# Exploratoy Data Analysis

In this project, we embark on a comprehensive exploration of taxi ride data in Chicago, focusing on November 15-16, 2017. We are equipped with multiple datasets that provide insights into various aspects of taxi services in the city. Our journey begins with exploratory data analysis, where we delve into the characteristics of taxi companies and neighborhoods, identifying patterns and trends. Subsequently, we transition into hypothesis testing, aiming to uncover whether weather conditions, particularly rainy Saturdays, influence the average duration of rides from the Loop to O'Hare International Airport. 

Through meticulous data analysis and hypothesis testing, we aim to draw meaningful conclusions that shed light on the dynamics of taxi services in Chicago.
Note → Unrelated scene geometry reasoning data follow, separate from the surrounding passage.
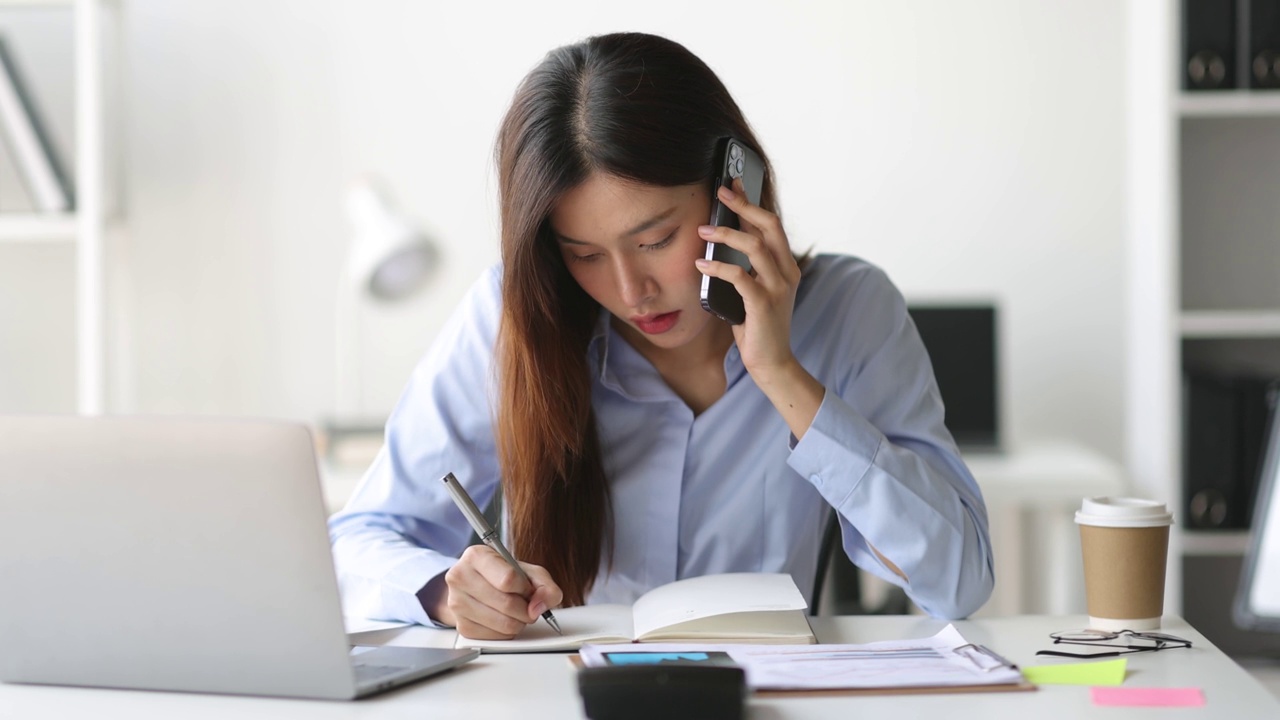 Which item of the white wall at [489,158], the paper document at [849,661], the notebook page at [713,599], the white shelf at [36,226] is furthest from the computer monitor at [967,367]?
the white shelf at [36,226]

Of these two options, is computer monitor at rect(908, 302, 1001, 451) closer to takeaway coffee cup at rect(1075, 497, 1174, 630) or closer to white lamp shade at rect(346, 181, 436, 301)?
white lamp shade at rect(346, 181, 436, 301)

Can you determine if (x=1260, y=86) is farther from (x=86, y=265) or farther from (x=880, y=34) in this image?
(x=86, y=265)

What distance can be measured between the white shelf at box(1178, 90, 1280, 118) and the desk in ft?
5.10

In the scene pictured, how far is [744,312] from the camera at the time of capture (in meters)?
1.32

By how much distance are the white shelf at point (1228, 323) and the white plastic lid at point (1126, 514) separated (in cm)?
137

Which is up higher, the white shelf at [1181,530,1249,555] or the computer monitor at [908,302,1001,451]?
the computer monitor at [908,302,1001,451]

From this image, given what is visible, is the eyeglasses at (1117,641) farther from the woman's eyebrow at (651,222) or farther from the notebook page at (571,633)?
the woman's eyebrow at (651,222)

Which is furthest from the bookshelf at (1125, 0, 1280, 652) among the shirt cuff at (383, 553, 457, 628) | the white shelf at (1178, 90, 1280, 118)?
the shirt cuff at (383, 553, 457, 628)

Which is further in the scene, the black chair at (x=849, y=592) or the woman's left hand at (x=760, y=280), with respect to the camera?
the black chair at (x=849, y=592)

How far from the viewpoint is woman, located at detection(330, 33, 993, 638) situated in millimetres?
1233

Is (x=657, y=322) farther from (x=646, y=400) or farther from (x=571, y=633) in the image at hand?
(x=571, y=633)

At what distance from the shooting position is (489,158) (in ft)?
8.97

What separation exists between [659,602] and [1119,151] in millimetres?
1910

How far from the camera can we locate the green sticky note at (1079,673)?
947mm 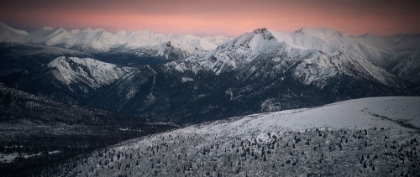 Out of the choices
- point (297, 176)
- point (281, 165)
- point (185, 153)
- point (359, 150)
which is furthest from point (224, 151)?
point (359, 150)

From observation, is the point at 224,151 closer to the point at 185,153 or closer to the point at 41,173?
the point at 185,153

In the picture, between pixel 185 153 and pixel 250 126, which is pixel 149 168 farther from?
pixel 250 126

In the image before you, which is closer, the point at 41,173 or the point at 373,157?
the point at 373,157

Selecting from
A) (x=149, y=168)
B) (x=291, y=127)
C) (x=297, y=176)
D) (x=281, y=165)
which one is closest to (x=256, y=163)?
(x=281, y=165)

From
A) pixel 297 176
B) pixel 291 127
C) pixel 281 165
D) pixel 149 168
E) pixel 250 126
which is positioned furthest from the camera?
pixel 250 126

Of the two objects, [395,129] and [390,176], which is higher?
[395,129]

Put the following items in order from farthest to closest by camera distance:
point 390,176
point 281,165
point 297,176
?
point 281,165
point 297,176
point 390,176

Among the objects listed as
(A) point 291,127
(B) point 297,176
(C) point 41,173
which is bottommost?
(C) point 41,173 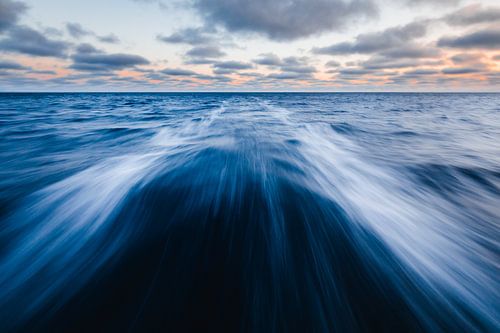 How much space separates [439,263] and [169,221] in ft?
9.59

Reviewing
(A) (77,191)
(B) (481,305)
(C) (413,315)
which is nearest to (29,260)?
(A) (77,191)

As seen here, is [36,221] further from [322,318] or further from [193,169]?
[322,318]

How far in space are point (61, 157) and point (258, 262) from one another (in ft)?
21.2

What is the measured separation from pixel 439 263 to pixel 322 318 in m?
1.49

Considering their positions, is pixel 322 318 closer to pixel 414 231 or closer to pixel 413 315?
pixel 413 315

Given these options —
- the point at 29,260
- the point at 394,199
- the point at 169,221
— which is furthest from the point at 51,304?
the point at 394,199

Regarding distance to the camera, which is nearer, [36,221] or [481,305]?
[481,305]

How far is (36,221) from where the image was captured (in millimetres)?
2768

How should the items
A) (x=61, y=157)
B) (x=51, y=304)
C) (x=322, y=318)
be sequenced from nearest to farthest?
(x=322, y=318) → (x=51, y=304) → (x=61, y=157)

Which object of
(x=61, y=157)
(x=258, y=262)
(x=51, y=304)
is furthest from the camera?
(x=61, y=157)

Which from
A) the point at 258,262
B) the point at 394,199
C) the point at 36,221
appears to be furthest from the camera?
the point at 394,199

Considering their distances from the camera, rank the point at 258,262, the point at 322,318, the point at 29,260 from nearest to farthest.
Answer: the point at 322,318, the point at 258,262, the point at 29,260

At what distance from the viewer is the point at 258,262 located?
1.93m

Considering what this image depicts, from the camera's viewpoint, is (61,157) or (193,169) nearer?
(193,169) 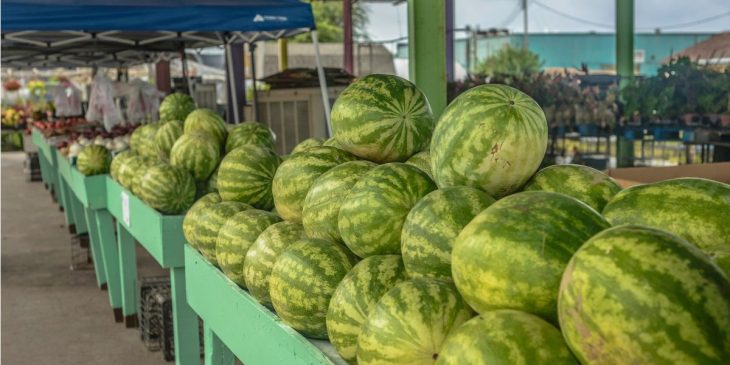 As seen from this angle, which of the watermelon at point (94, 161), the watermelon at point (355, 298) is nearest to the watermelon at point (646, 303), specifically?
the watermelon at point (355, 298)

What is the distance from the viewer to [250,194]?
2758mm

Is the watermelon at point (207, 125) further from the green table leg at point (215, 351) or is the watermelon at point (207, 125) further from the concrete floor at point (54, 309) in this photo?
the concrete floor at point (54, 309)

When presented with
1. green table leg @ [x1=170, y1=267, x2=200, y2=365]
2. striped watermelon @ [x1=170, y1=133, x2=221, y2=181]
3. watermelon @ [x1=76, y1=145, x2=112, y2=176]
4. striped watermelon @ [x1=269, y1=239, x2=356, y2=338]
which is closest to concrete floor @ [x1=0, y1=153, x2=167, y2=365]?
watermelon @ [x1=76, y1=145, x2=112, y2=176]

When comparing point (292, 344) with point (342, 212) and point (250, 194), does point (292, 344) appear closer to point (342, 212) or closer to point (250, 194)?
point (342, 212)

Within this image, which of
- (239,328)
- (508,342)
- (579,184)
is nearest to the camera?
(508,342)

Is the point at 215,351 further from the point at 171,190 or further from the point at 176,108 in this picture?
the point at 176,108

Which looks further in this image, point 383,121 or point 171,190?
point 171,190

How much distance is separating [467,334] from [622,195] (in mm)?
464

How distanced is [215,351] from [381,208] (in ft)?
4.18

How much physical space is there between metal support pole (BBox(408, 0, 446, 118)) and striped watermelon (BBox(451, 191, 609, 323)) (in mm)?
3425

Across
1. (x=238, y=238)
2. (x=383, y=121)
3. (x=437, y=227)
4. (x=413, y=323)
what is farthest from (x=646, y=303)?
(x=238, y=238)

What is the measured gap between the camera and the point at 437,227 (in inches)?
57.4

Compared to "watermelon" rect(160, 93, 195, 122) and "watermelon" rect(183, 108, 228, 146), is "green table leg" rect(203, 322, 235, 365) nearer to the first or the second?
"watermelon" rect(183, 108, 228, 146)

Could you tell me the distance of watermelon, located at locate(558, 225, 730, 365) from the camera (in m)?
0.95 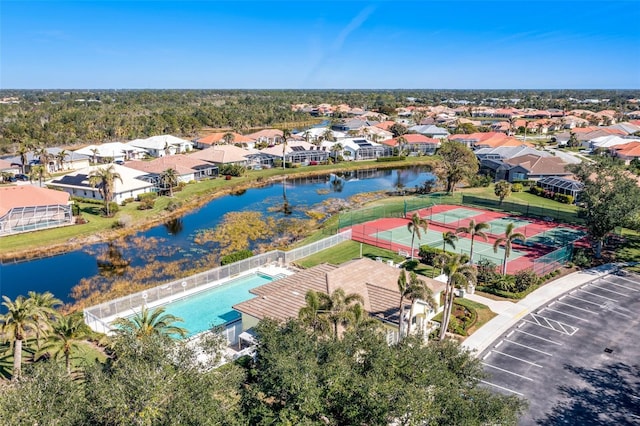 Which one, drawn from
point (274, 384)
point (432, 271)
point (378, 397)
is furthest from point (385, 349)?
point (432, 271)

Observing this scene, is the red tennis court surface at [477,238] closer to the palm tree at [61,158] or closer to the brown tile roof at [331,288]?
the brown tile roof at [331,288]

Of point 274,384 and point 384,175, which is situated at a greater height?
point 274,384

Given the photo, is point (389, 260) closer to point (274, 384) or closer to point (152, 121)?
point (274, 384)

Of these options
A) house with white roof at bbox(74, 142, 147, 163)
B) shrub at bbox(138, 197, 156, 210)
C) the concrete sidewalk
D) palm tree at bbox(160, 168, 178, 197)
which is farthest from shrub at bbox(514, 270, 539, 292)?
house with white roof at bbox(74, 142, 147, 163)

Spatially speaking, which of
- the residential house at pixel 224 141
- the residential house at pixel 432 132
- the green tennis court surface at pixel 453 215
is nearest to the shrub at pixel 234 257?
the green tennis court surface at pixel 453 215

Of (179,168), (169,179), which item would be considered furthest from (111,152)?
(169,179)

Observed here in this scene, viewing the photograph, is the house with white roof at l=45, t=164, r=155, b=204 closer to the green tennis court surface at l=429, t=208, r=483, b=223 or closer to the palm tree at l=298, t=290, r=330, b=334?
the green tennis court surface at l=429, t=208, r=483, b=223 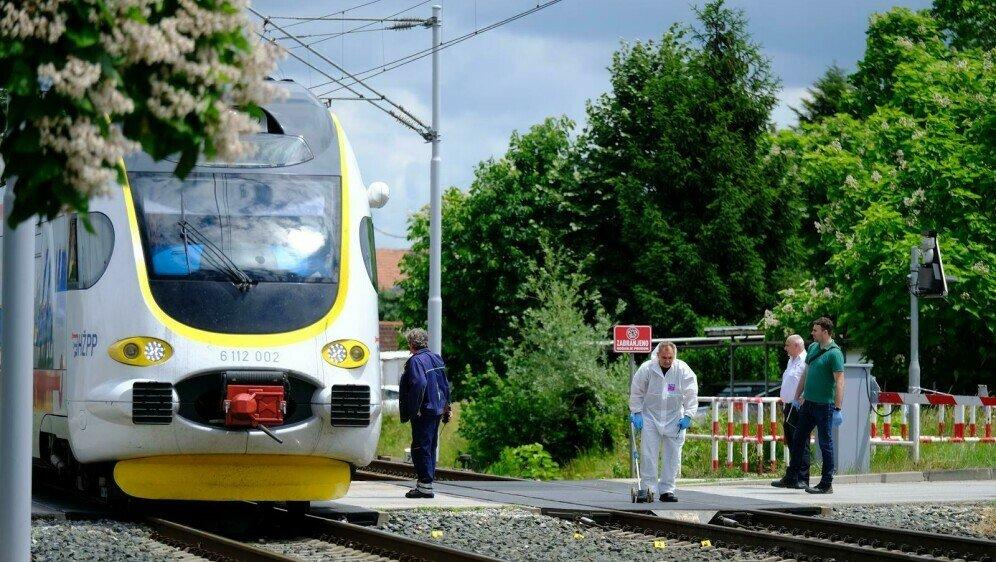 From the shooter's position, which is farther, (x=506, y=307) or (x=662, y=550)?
(x=506, y=307)

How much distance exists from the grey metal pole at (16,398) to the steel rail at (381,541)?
398 centimetres

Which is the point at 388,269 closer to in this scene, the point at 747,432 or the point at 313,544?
the point at 747,432

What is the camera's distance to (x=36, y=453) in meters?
15.6

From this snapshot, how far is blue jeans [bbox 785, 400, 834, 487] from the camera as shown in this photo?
17.5m

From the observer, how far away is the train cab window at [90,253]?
42.9ft

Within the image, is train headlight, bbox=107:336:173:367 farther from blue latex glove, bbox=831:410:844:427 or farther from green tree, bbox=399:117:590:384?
green tree, bbox=399:117:590:384

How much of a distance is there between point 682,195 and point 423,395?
39.7 metres

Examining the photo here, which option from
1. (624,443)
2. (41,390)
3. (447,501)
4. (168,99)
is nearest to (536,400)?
(624,443)

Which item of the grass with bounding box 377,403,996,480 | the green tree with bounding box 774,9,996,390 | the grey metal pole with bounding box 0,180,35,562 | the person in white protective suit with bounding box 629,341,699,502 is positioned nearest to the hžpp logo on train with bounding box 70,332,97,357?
the person in white protective suit with bounding box 629,341,699,502

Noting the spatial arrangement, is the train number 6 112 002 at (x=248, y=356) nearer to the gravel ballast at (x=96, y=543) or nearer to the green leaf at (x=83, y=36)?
the gravel ballast at (x=96, y=543)

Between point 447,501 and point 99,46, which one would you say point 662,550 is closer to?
point 447,501

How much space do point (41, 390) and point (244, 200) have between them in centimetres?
304

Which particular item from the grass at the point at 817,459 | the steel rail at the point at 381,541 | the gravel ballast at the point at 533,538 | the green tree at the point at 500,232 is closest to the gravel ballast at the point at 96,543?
the steel rail at the point at 381,541

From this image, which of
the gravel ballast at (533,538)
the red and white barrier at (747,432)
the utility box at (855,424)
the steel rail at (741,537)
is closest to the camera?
the steel rail at (741,537) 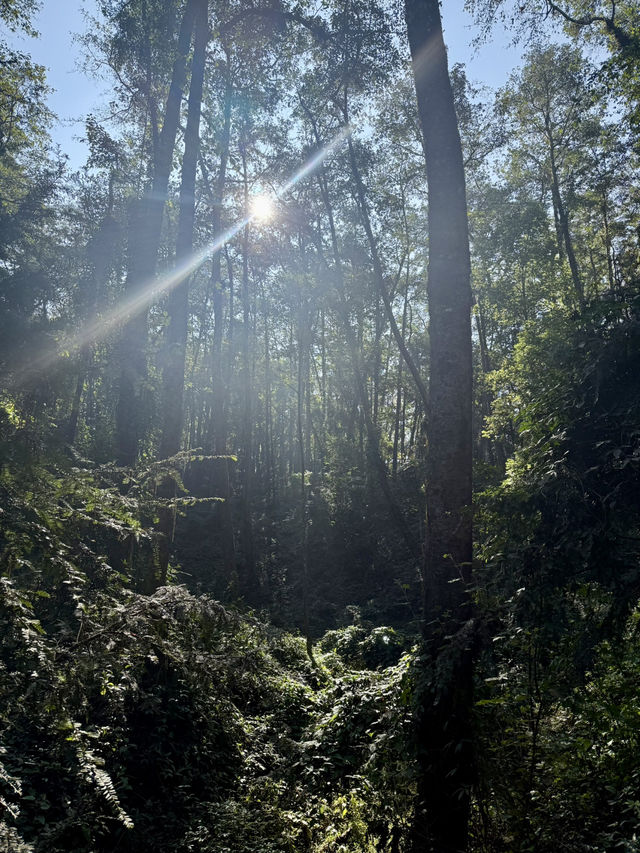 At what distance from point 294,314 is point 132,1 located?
1199cm

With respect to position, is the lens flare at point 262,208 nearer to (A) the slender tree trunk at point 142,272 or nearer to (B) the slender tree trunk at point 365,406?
(B) the slender tree trunk at point 365,406

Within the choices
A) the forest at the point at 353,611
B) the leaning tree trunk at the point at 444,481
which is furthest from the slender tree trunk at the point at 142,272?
the leaning tree trunk at the point at 444,481

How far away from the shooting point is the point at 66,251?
23.7m

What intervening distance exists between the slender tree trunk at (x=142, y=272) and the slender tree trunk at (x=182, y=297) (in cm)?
29

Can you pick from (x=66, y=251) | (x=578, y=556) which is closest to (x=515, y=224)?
(x=66, y=251)

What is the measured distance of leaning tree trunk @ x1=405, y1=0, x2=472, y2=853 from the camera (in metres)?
3.90

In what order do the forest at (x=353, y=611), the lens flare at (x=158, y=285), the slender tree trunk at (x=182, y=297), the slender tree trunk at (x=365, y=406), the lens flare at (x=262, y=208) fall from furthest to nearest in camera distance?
the lens flare at (x=262, y=208) → the slender tree trunk at (x=365, y=406) → the slender tree trunk at (x=182, y=297) → the lens flare at (x=158, y=285) → the forest at (x=353, y=611)

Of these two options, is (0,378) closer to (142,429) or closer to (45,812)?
(45,812)

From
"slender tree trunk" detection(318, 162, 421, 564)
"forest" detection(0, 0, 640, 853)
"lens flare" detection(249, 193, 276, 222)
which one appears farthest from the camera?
"lens flare" detection(249, 193, 276, 222)

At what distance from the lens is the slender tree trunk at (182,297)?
7.98 m

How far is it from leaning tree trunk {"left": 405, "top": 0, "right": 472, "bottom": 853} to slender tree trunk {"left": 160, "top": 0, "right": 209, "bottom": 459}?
436 cm

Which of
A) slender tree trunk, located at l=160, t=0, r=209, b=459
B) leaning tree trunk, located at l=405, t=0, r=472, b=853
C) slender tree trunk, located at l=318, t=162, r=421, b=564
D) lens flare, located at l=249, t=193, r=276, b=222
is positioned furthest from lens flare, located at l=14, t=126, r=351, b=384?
leaning tree trunk, located at l=405, t=0, r=472, b=853

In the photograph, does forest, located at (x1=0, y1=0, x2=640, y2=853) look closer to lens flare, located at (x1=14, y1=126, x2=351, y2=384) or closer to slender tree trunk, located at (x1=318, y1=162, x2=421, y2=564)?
lens flare, located at (x1=14, y1=126, x2=351, y2=384)

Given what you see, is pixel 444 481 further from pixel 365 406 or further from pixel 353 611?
pixel 365 406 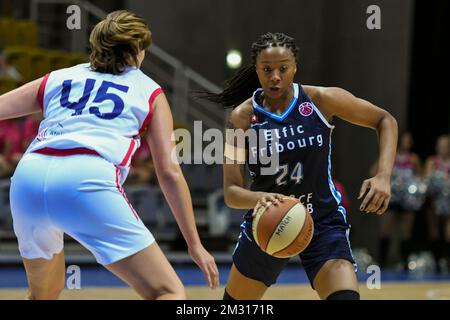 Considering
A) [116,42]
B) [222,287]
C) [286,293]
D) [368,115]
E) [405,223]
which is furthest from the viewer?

Our approach is grounded in Python programming, leveraging data visualization and statistical methods to derive actionable insights. Let's embark on this analytical expedition to unveil the nuances of Chicago's taxi landscape.

# Importing Libraries and Loading Files

we'll begin by importing the necessary libraries and loading the provided CSV files. Then, we'll explore the data, ensuring correct data types and conducting preliminary analysis to identify the top 10 neighborhoods by drop-offs. Subsequently, we'll create visualizations to depict the distribution of taxi companies and the number of rides, as well as the top 10 neighborhoods by drop-offs.

## Importing

In [7]:
import pandas as pd
import matplotlib.pyplot as plt
from scipy.stats import ttest_ind

## Loading Data

In [9]:
# Importing the CSV files
try:
    taxi_df = pd.read_csv("/datasets/project_sql_result_01.csv")
    neighborhood_df = pd.read_csv("/datasets/project_sql_result_04.csv")
    data = pd.read_csv("/datasets/project_sql_result_07.csv")
    
except FileNotFoundError:
    print('input file not found')    

input file not found


In [10]:
# Displaying the first few rows of each dataset
print("Taxi Company Data:")
taxi_df.head()

Taxi Company Data:


NameError: name 'taxi_df' is not defined

In [None]:
print("Neighborhood Data:")
neighborhood_df.head()

# Studying and Exploring Data

Performing an exploratory data analysis aids in comprehending the diversity of data types present, identifying and managing duplicates effectively, as well as illuminating the extent and implications of missing values within the dataset.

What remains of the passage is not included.